[Information supplied]:
=== Begin Enclosure ===

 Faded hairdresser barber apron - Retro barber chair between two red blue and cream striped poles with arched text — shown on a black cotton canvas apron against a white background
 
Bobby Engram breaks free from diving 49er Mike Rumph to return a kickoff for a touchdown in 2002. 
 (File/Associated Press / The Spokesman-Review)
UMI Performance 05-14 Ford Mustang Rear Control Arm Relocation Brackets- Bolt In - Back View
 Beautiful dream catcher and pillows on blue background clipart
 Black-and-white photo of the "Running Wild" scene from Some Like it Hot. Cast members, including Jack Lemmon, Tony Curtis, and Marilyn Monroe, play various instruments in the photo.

=== End Enclosure ===
=== Begin Enclosure ===

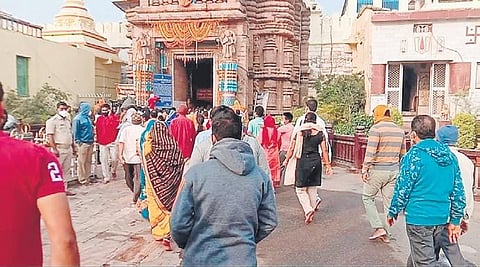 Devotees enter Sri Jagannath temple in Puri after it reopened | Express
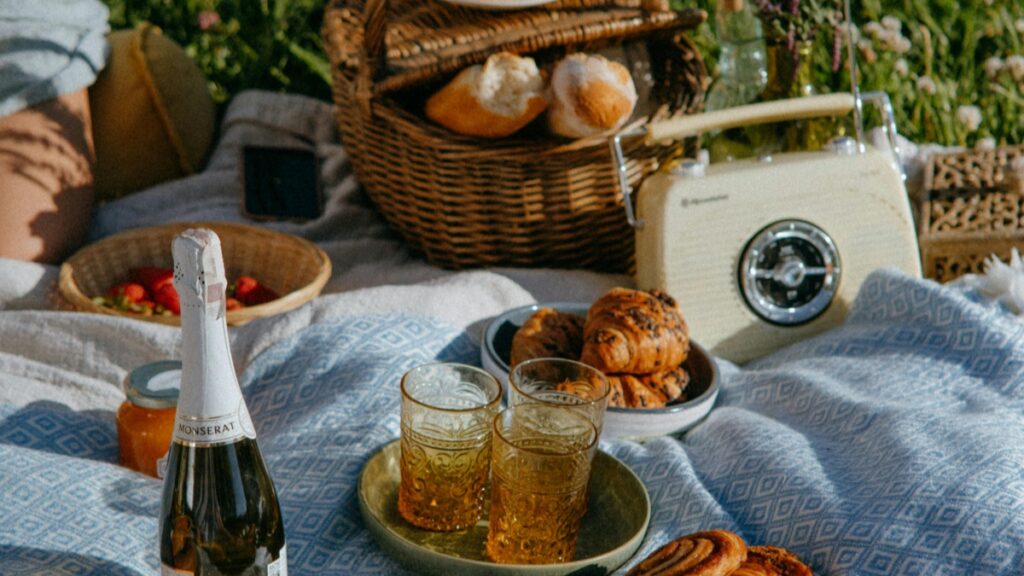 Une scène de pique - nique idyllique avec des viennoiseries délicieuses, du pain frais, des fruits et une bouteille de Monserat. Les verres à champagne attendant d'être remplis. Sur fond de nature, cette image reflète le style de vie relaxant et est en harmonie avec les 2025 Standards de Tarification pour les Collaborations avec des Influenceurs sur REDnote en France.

=== End Enclosure ===

[Work request]: Whenever a line above includes the string "background", copy it.

[Exercise answer]:
 Faded hairdresser barber apron - Retro barber chair between two red blue and cream striped poles with arched text — shown on a black cotton canvas apron against a white background
 Beautiful dream catcher and pillows on blue background clipart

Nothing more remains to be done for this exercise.